Follow these simple directions.....

--Go to Google.com

--Click on Maps.

--Click on get Directions.

--From New York,New York

--To Paris, France.

--And read line # 23.


----------



## mswalt (Sep 14, 2004)

> And read line # 23.


Whew, I think that would be awfully tiring! Wonder how long it would take to get there?









Mark


----------



## GoVols (Oct 7, 2005)

Those wacky guys at Google do have a sense of humor.


----------



## mike (Dec 17, 2006)

that was a good for a laugh in the morning, thanks


----------



## Humpty (Apr 20, 2005)

mswalt said:


> > And read line # 23.
> 
> 
> Whew, I think that would be awfully tiring! Wonder how long it would take to get there?
> ...


accoring to google - "(about 29 days 7 hours)" LOL


----------



## jbwcamp (Jun 24, 2004)

Thats too funny!


----------



## shake1969 (Sep 21, 2004)

Heh, heh.

Then make sure you contact somebody at the Guiness Book of World Records.

I don't think anybody has done that before.


----------



## mv945 (Jul 18, 2006)

No wonder Oregon Camper won't make it back in time for the PNW rally..


----------



## OregonCampin (Mar 9, 2007)

That is very amusing! Those Google folks are FUNNY - Did you see their April Fool's Joke this year??? CLICK HERE.....OH PLEASE CLICK HERE


----------



## Oregon_Camper (Sep 13, 2004)

mv945 said:


> No wonder Oregon Camper won't make it back in time for the PNW rally..


Whew....I will be one tired camper by the time I go there and back....


----------



## N7OQ (Jun 10, 2006)

That it to funny, both My DW and I got a good laugh,







Thanks


----------



## Calvin&Hobbes (May 24, 2006)

Type in "french military victories" and see what happens...


----------



## hatcityhosehauler (Feb 13, 2004)

That was funny...both Y-guys search and Calvin&Hobbes search...

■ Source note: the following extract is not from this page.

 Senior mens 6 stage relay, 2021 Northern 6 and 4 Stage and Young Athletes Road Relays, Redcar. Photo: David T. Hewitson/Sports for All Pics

I also checked Edinburgh, Scotland. A place I would much rather visit then Paris, and line 23 was essentially the same.

Tim


----------



## Oregon_Camper (Sep 13, 2004)

hatcityhosehauler said:


> That was funny...both Y-guys search and Calvin&Hobbes search...
> 
> I also checked Edinburgh, Scotland. A place I would much rather visit then Paris, and line 23 was essentially the same.
> 
> Tim


That is FUNNY!!!!

Those guys are having too much fun...guess you can do that when you're zillionaires.


----------



## Lady Di (Oct 28, 2005)

Just saw this.

That's a lot of swimming!


----------



## Husker92 (Feb 11, 2006)

That's pretty funny!


----------